Cities require commerce to prosper. Getting parcels and letters delivered quickly has always been important. In San Francisco around the turn of the 20th century, cable cars and streetcars filled a role that delivery vans and bicycle messengers do today.
In the early 1890s, the United States Post Office Department began nationwide studies to speed up city mail delivery and processing by using local rail transit systems. Washington-based Post Office officials believed that Railway Post Offices (RPO), where clerks sorted mail as long-haul trains rumbled between cities, would be a good idea within cities as well. San Francisco Postmaster Frank McCoppin, a former mayor, thought distances inside the city were too short to make it practical here.
Washington won, and in 1896, the Market Street Railway Co., then owned by Southern Pacific Railroad interests, received a contract for Railway Post Office service and built three special cars–two cable cars and an electric streetcar–painted in the government-required bright white with gold trim.

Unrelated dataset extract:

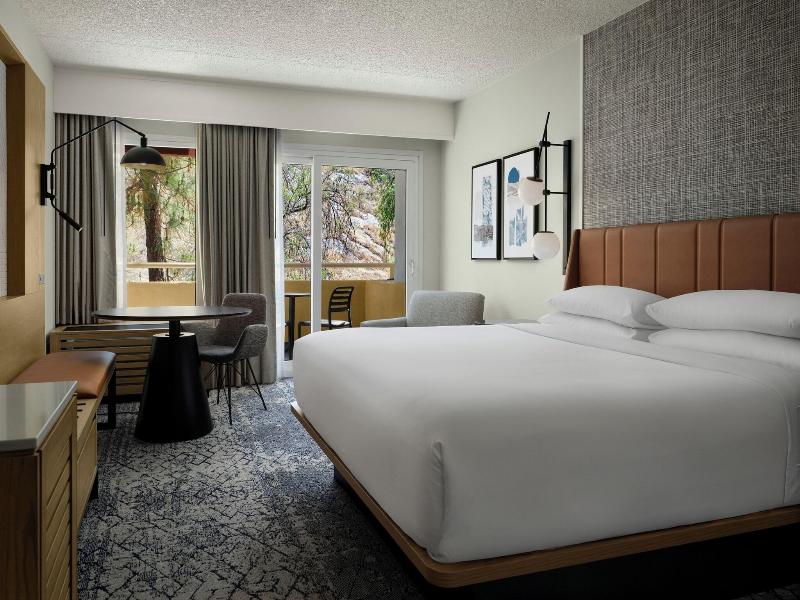 Sheraton Agoura Hills image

The cars even had mail slots in the side, allowing San Franciscans to walk up to the car and drop in their letters, which clerks onboard would promptly sort. In 1900, ‘closed pouch’ service was added, hauling sealed mailbags between the ferry terminal and various post offices around town. Sometimes mailbags were carried on passenger cable cars as well.
By 1905, postal officials realized that McCoppin was right: cable car and streetcar Railway Post Offices didn’t work well in San Francisco, and so discontinued them. The closed pouch services continued until the earthquake and fire of April 18, 1906, but weren’t resumed when transit service was restored. The Post Office switched back to horse and wagon teams, then to early motor trucks.
Today, when parcels zip from China to San Francisco overnight, it’s hard to imagine the effort made to save a few minutes in carrying parcels across town. But it’s part of our transit history.